Includes special features of this country’s banking system and rules/laws that might impact U.S. business.
Last Published: 9/25/2017
The CBL is responsible for licensing, regulating and overseeing the financial sector in Liberia.  In 2016, banking sector recorded growth in key balance sheet indicators including liquidity, capital position and net shareholders’ worth.  Total bank assets rose by over 5 percent, and capital and deposits grew by 21 percent and nearly 4 percent respectively.  Most banking institutions operate as repositories for funds and provide short-term trade financing and operating capitals.  Historically, commercial banks have had no domestic instruments into which to place liquidity.  Foreign banks or branches can establish operations in Liberia, and are subject to prudential measures or other regulations required by the CBL.

There is no effective credit rating system and many firms lack business records or bankable proposals necessary for credit approval.  Banks rely on the CBL’s Credit Reference System, a manually updated spreadsheet which is being automated. It contains credit history and/or any derogatory information about certain creditors. There are no clear or definitive rules on hostile take-over.  The obstacles to domestic travel including poor roads, lack of affordable electricity, and unreliable communication links increase the risk in accepting collaterals outside Monrovia.  The unreliable land titles system also hampers access to credit in general, especially for local entrepreneurs.

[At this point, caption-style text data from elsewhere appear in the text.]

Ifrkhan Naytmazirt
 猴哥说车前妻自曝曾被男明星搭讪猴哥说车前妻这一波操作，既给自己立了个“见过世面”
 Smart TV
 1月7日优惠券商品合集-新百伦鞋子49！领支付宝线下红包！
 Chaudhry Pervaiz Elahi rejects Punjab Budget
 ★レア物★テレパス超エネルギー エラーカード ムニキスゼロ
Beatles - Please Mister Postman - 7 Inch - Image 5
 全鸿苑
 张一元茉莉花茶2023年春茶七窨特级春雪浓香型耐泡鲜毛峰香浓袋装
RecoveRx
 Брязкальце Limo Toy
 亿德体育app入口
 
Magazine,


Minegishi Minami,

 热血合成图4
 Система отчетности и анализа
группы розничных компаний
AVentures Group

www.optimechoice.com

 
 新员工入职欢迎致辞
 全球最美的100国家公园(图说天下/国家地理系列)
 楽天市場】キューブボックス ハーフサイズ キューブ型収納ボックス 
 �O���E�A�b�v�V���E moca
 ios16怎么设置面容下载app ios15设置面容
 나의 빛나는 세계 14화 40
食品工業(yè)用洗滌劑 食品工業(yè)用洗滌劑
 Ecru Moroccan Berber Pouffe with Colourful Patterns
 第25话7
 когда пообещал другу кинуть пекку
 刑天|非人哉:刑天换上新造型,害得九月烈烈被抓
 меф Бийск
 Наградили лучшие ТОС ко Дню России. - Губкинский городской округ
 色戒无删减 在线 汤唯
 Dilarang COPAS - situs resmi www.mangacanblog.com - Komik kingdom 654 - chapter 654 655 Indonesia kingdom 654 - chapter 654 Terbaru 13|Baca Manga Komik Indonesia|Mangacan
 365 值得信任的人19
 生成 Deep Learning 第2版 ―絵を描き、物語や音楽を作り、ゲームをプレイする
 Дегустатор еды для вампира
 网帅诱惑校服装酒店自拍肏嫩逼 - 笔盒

Although key financial indicators show that the banking sector is sound, non-performing loans (NPLs) and poor earnings remain major challenges.  The percentage of non-performing loans (NPLs) to total loans stood at 11.8 percent in 2016, which is 6.2 percentage points below the 18 percent in 2015. The CBL in collaboration with the Liberia Bankers Association and commercial banks has embarked on strict measures to address this situation.  While financial institutions allocate credit on market terms to foreign and domestic investors, the historically high rate of NPLs has led banks to offer short-term (less than 18 months), high-interest rate loans (12-20 percent).  This constrains capital investment and limits new business development.  Generally, banks rely on fees and interests they charge for transactions and services such as fund transfers, deposits and withdrawals, checks, letters of credit, etc.  A number of banks offer modern digital financial products and services including ATMs, point of sale (POS) terminals, electronic fund transfer (EFT), and mobile money.  The ATM system is not connected to global electronic banking networks.  Therefore, traveler's checks and credit cards are not commonly accepted.  Mobile money service is not widely used as the service is new to the population and is being offered by two GSM companies in collaboration with commercial banks.  However, there is potentially high demand for mobile money service given the country’s poor financial infrastructure and the high costs of keeping cash, including security risk.  There is a thriving non-bank financial sector including licensed, regulated and supervised institutions.  The sector comprises several foreign exchange bureaus, credit unions, village savings & loan associations (VSLAs), rural community finance institutions, microfinance institutions, a development finance company, mobile money service and insurance companies.  Most of these institutions, particularly those in the informal sector, make short-term, high-interest rate loans to their members. The CBL’s regulations can be found on its website.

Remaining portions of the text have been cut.